In Maui we got a one bedroom suite with a murphy bed in the living space and two balconies, ensuring we had lots of space to relax after bedtime. Even now if we were staying somewhere more than a couple of nights we try to rent an apartment with Airbnb or Homeaway so we have room to spread out, have space to work or read in the evening, and have the ability to cook breakfast or lunch so we don’t wear ourselves out by having to eat out three times a day. (See my tips for renting a vacation apartment or house)
13. Pack wisely
Lots of people have great advice on packing for vacation, but as amazed as I am by people that travel for two weeks with only a carry on, I’d rather check a bag and have what I need. That means something to keep warm on chilly nights, something to keep off the rain, comfortable walking shoes, children’s cold and pain remedies, enough sunscreen and whatever else I think I might need without burdening us down with more bags than people.
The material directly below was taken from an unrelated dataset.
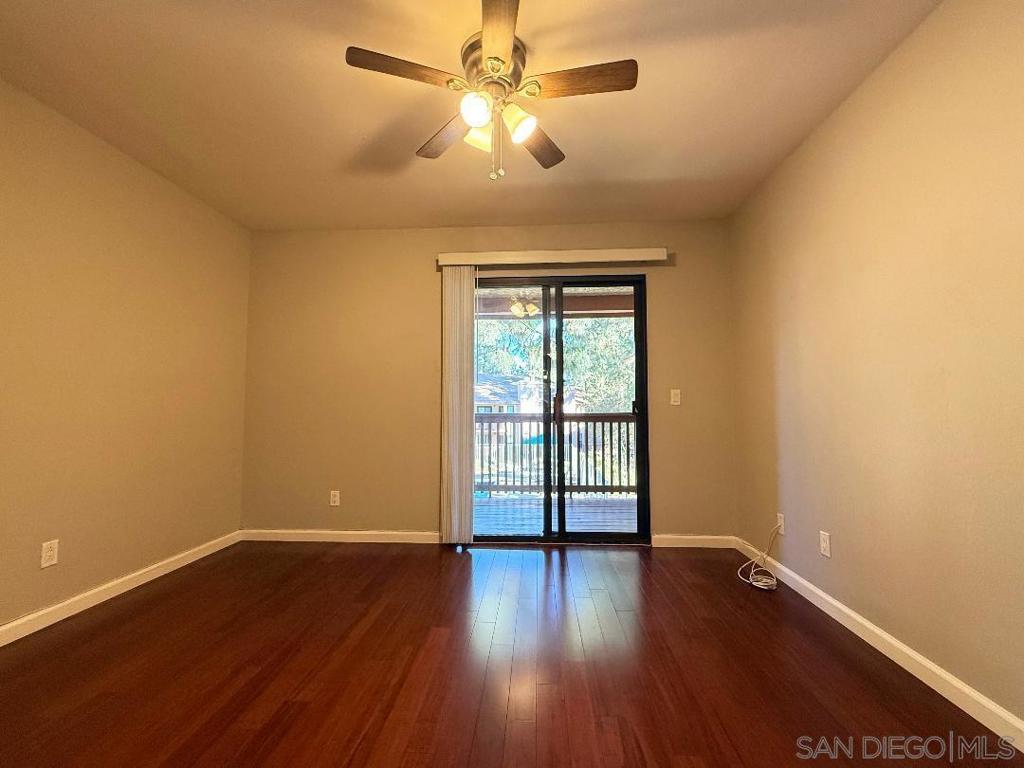 12079 Alta Carmel Court - photo 9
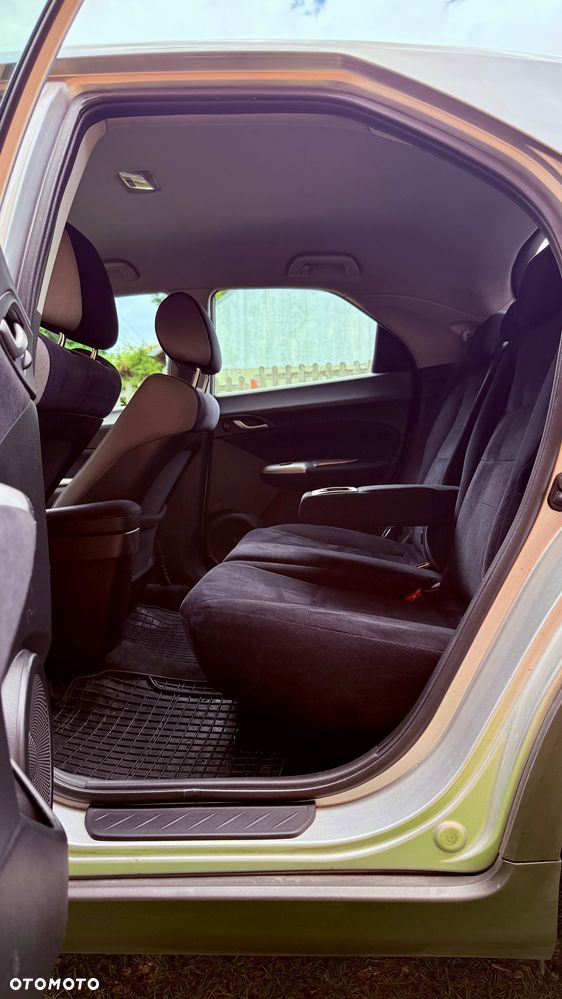 Honda Civic 1.4 Comfort - 14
I like to bring laundry bags to separate clean from dirty clothes. I also like using compression packing cubes to make more space, but also to group together outfits for different stops on the trip.
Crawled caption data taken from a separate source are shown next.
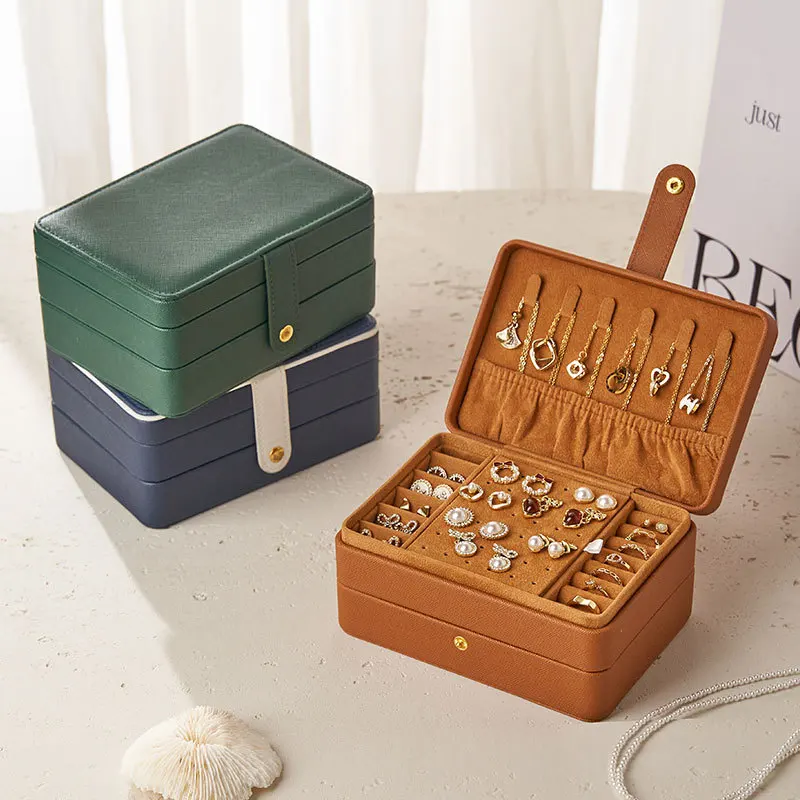 

Упаковка для хранения ювелирных изделий и упаковка с подарочной коробкой в стиле ретро. Высококачественные многослойные серьги и браслеты с защитой от окислений.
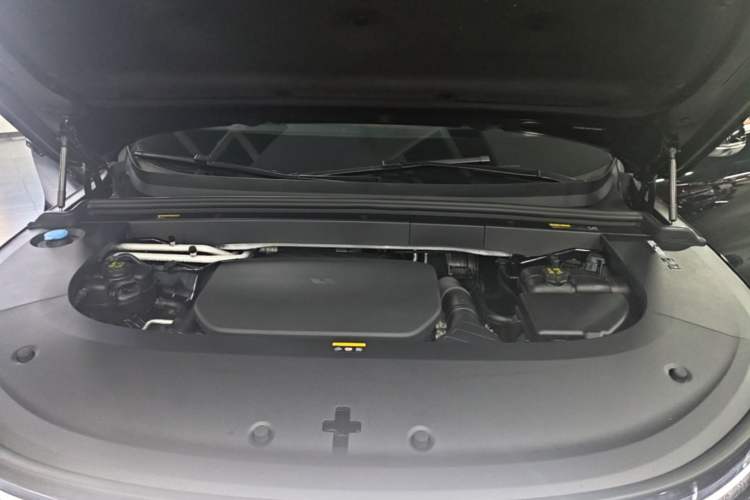 Used Li Auto L6 2024 Pro Model Engine Bay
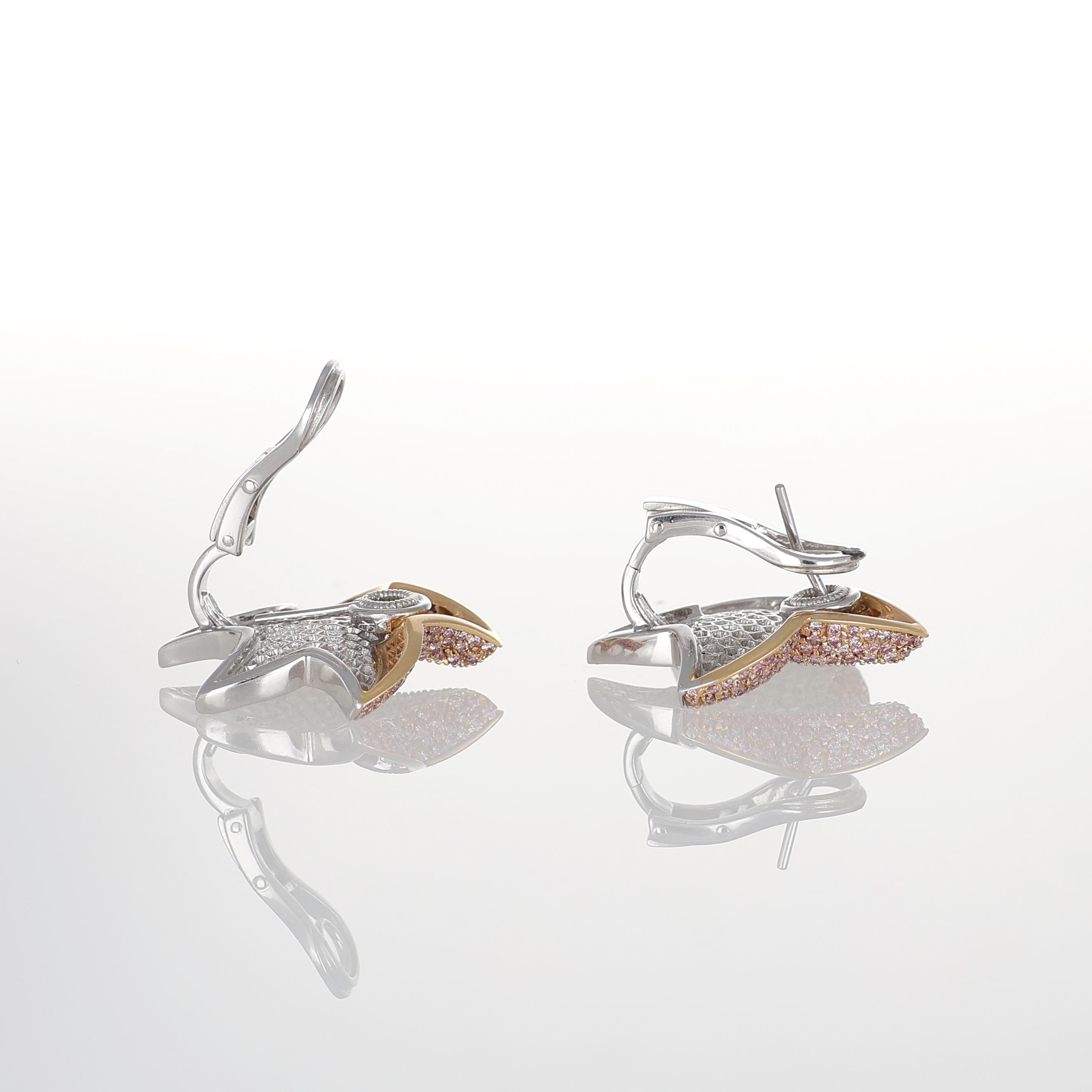 Orecchini Pavé di diamanti a forma di stella in oro rosa e bianco 18 carati in vendita 1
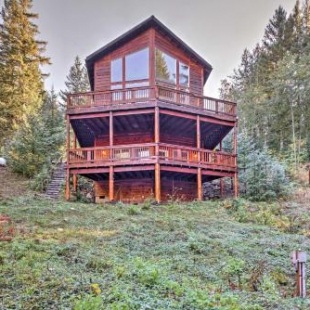 Фотография гостевого дома Grizzly Tower Packwood Cabin with Forest Views!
14. Set the right expectations
Another tip for having a successful trip and raising a good traveler is to set the right expectations. If your child is over the moon excited for their first trip to Disney and they expect to run up and hug their favorite characters or jump right on to their favorite rides, they are going to be a bit surprised if they get there and find the Princesses hard to find and ride lines 10 times the length of the ride itself. Each morning (or even the night before), walk through your day. Share your itinerary and talk about what to expect at each stop. Let them know how long you will be at each attraction and where and when they will be eating. If it is going to be crowded, tell them in advance. If the weather forecast calls for an afternoon thunderstorm, let them know that you might be ducking for cover later that day.
15. Start early!
My last piece of advice is to start traveling early. You can begin with local exploration and day trips. Work your way up to sleepovers at Grandma’s and weekend road trips to visit relatives. But don’t think that all that comes after that are trips to Disney, weekends at the Great Wolf Lodge, and week-long cruises. Anything can be a “family” vacation and sometimes the experiences that are the most unique are also the most memorable. You know your kids best but I urge you to push their comfort levels just a little bit each trip. Soon you will find yourself with a good traveler. If not…send them to summer camp and travel on your own (just joking!)
Whether it was luck or a combination of the tips above, we now have not just a good traveler, but a girl that loves to travel. Over the years our favorite family memories are from our trips. The farther we go, the more “different” the location is in terms of landscape, food, language or culture, the more special the experience. I hope that you find these tips useful and that they help you raise a good traveler.